Records from a data collection:
▼

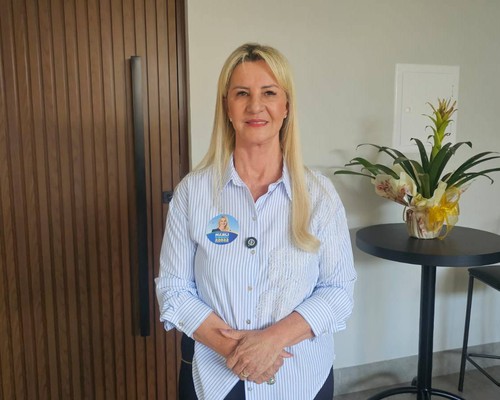 Marli Ribeiro participa da série de entrevistas do Patos Hoje com candidatos nas eleições 2026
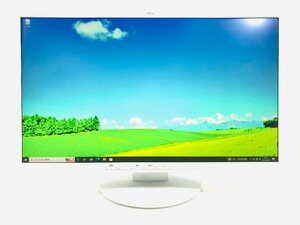 Fujitsu 22型ワイド 液晶ディスプレイ DY22-8T IPS、LEDバックライト搭載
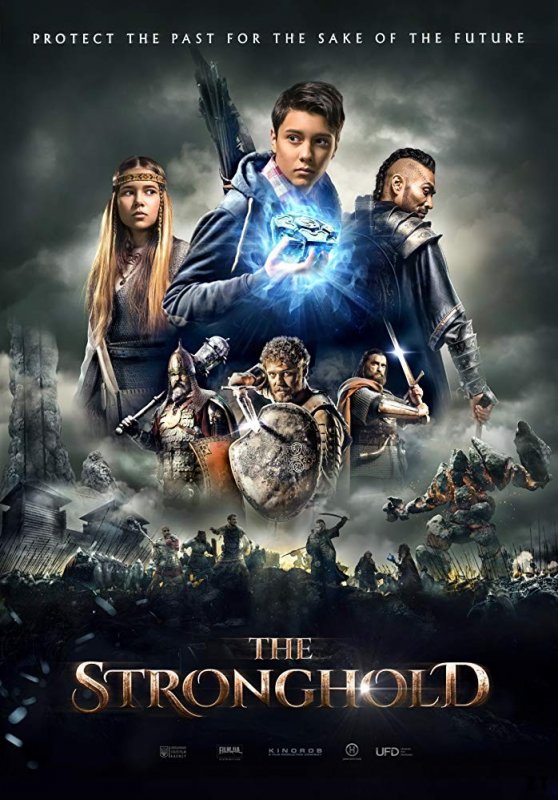 Affiche du film The Stronghold (2018) de Yuriy Kovalyov. Voir The Stronghold en streaming / torrent sur meilleurs-films.fr
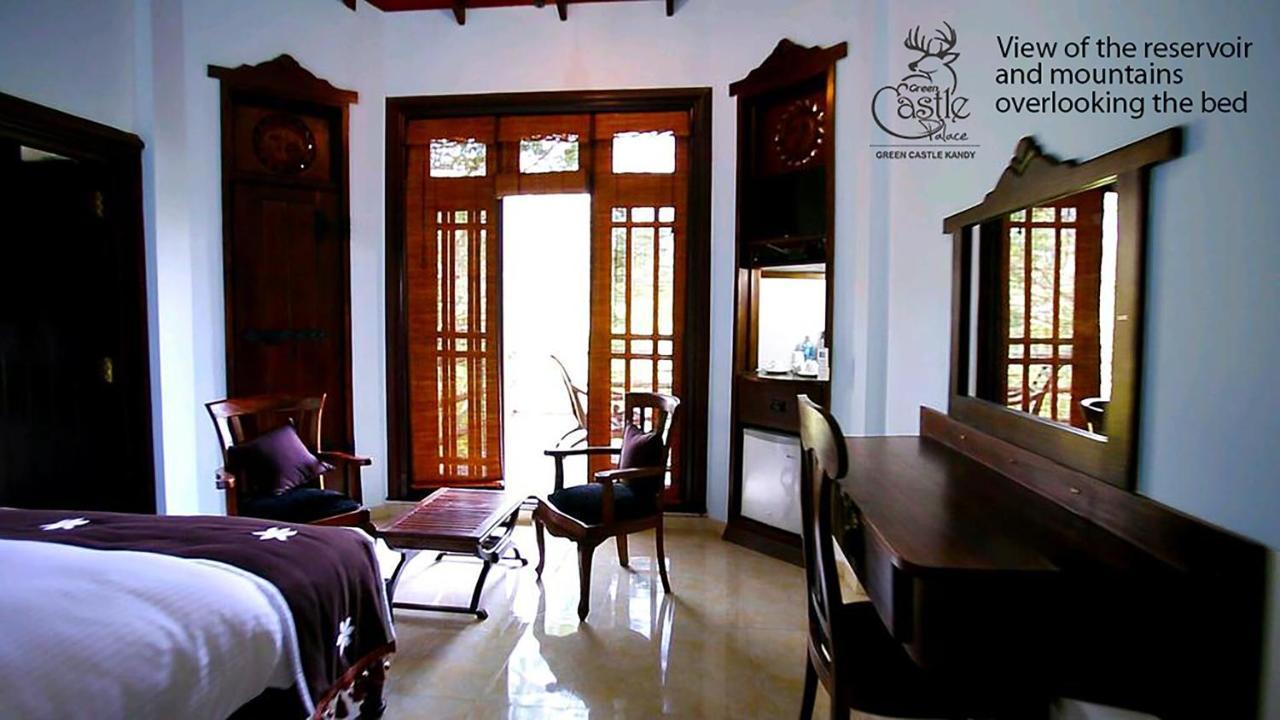 Green Castle Kandy Hotel Ngoại thất bức ảnh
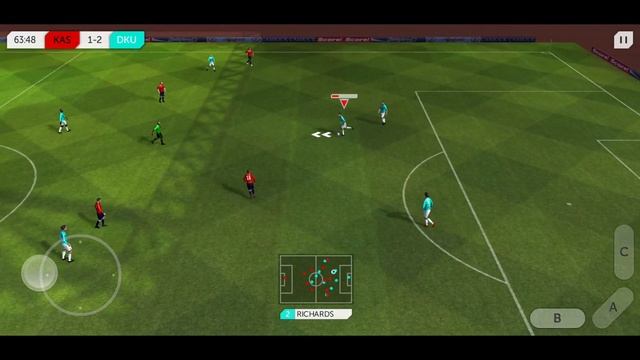 Dream League Soccer Classic Android-IOS-Gameplay-Walkthrough-Part #5 (Division 3) смотреть онлайн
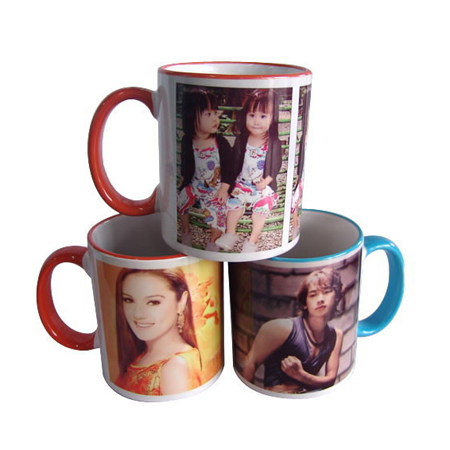 6oz White Mug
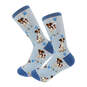E&S Pets Jack Russell Terrier Novelty Crew Socks, , large image number 1
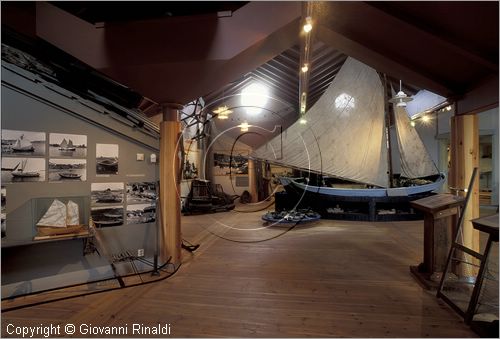 FINLAND - FINLANDIA - ISOLE ALAND - Eckero - Storby - Museo della Pesca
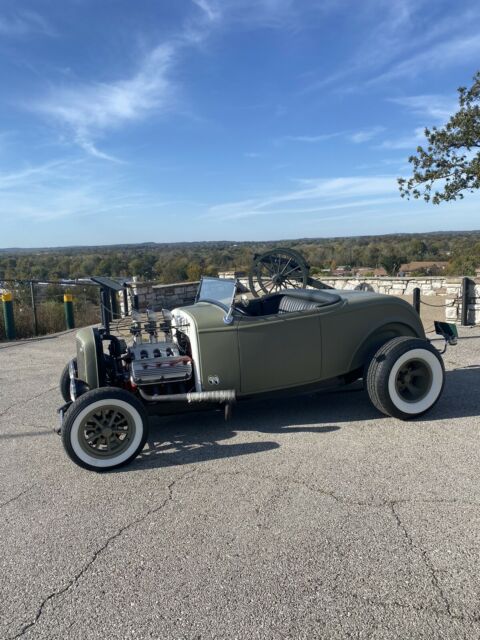 Ford Roadster 1932 image number 28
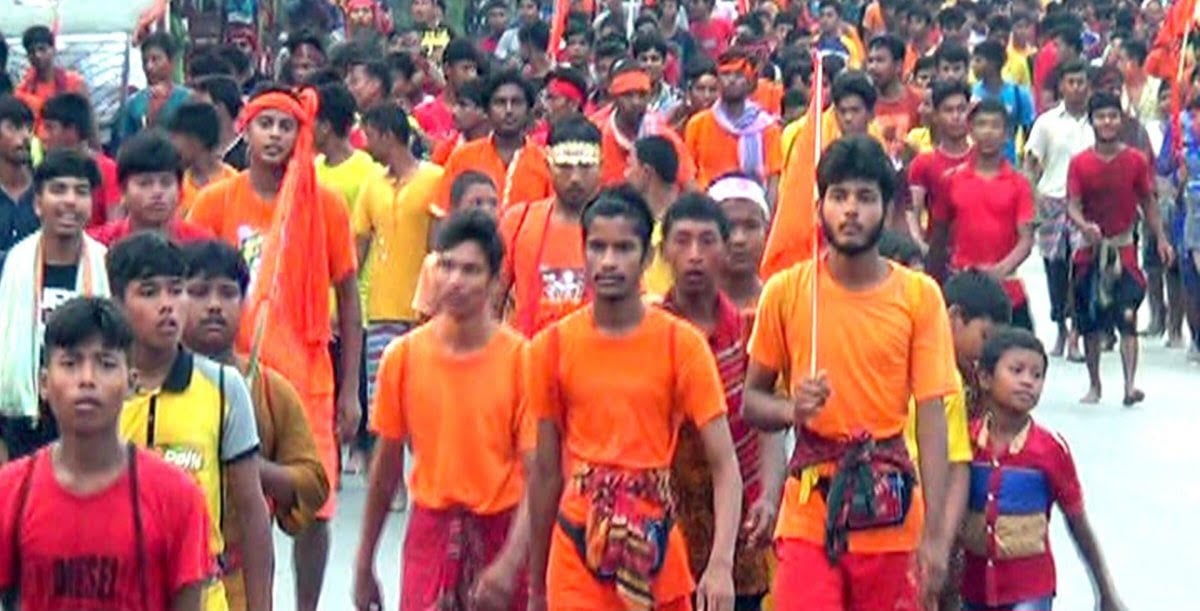 Mahasnan Yatra festival concludes peacefully in Dinajpur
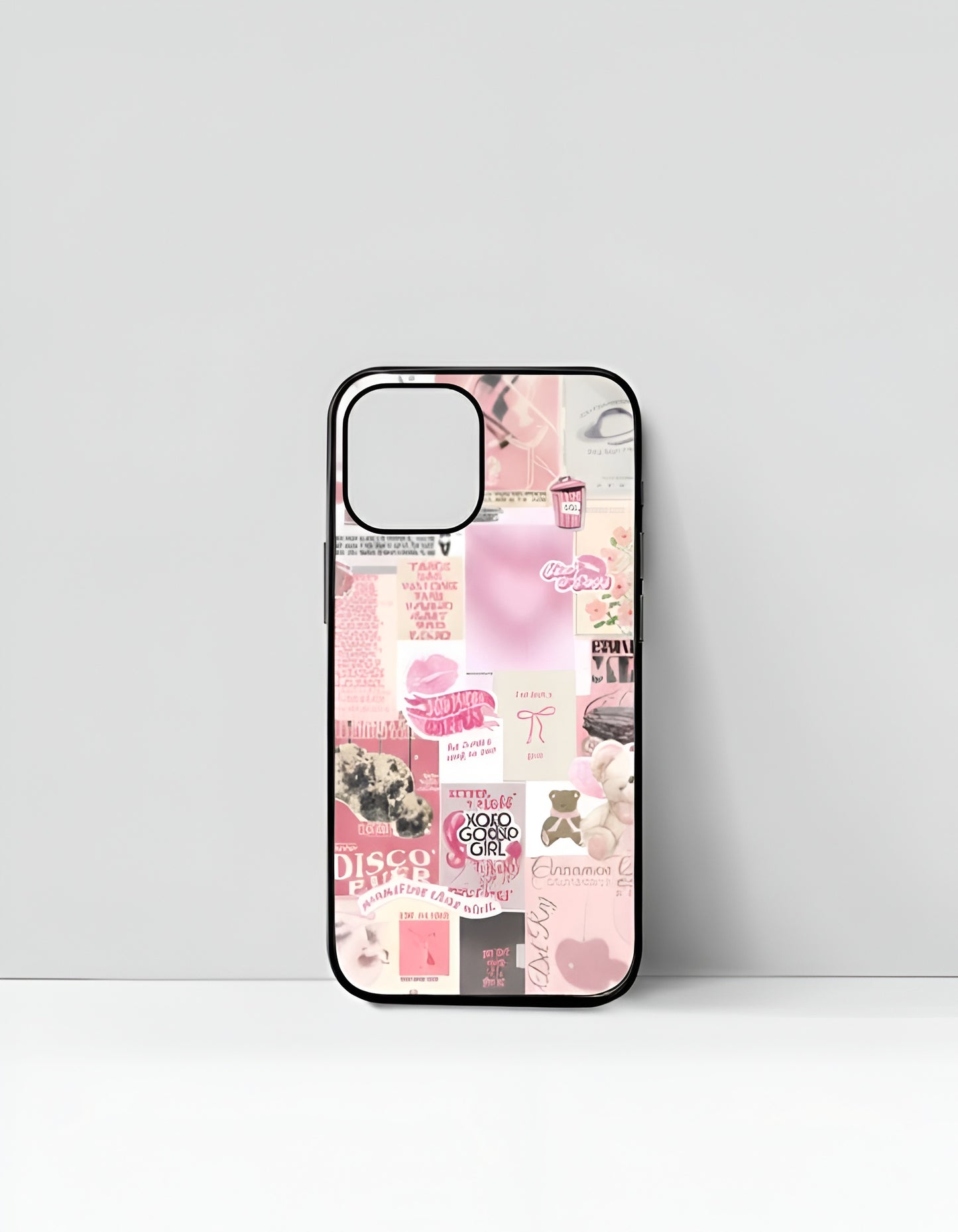 Pretty in Pink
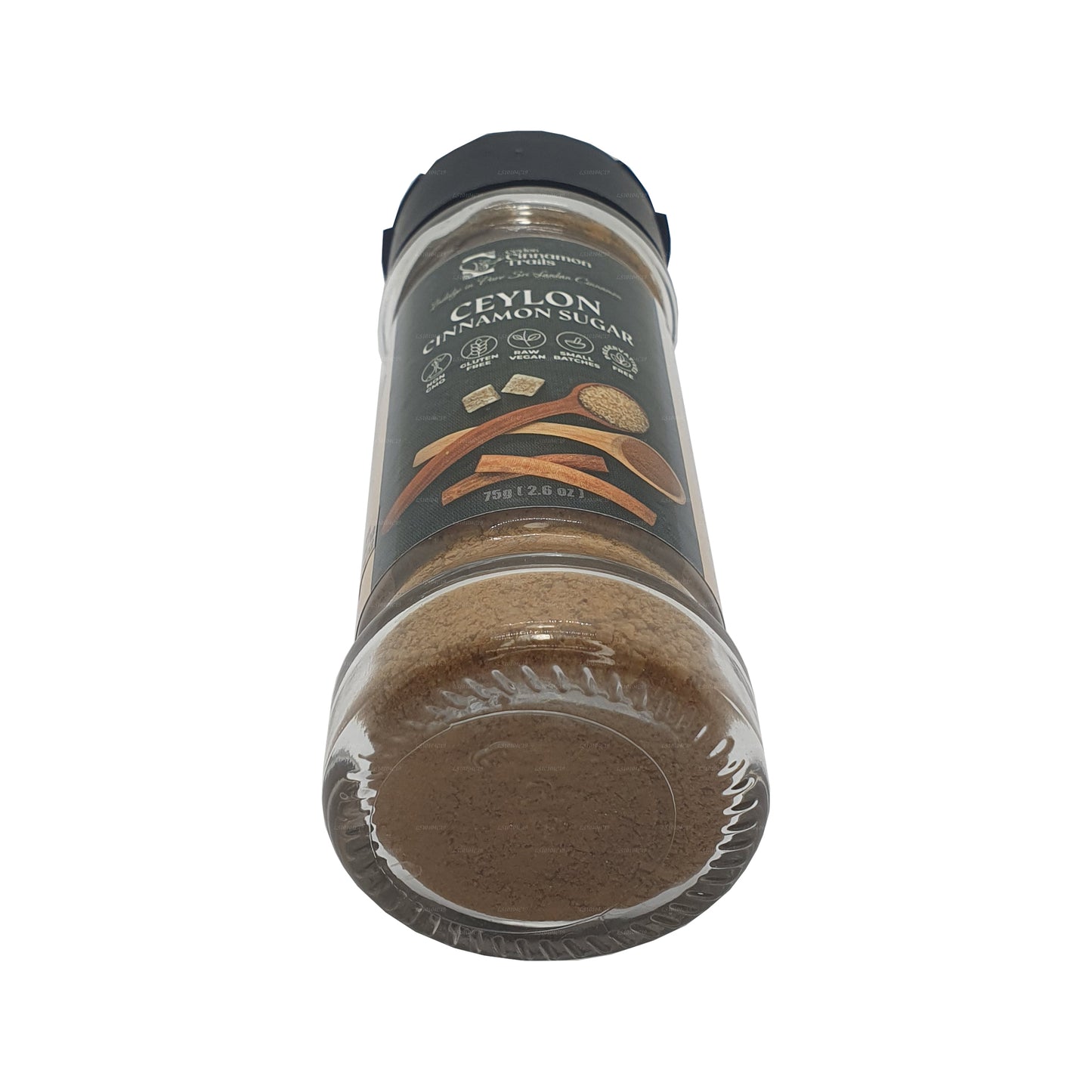 Sucre à la cannelle Ceylon Cinnamon Trails (75g)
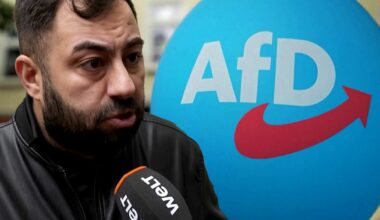 Brisante Studie: Immer mehr Migranten wählen AfD – nachgefragt bei in Duisburg - Video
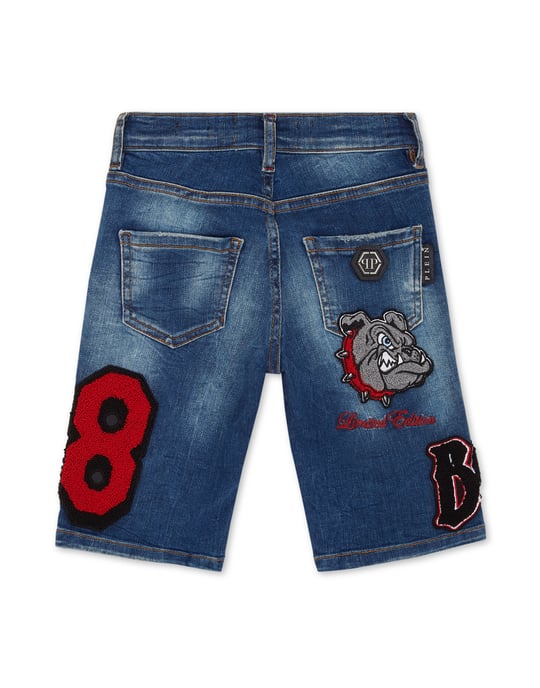 Shorts Vaqueros Fermentera Bulldogs - Image 3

▲

Exercise brief: For the entries above, the output must hold exactly the lines from the one with "Pretty in Pink" through the last line, both included, and no pictures.

Response area:
 Pretty in Pink
 Sucre à la cannelle Ceylon Cinnamon Trails (75g)
 Brisante Studie: Immer mehr Migranten wählen AfD – nachgefragt bei in Duisburg - Video
 Shorts Vaqueros Fermentera Bulldogs - Image 3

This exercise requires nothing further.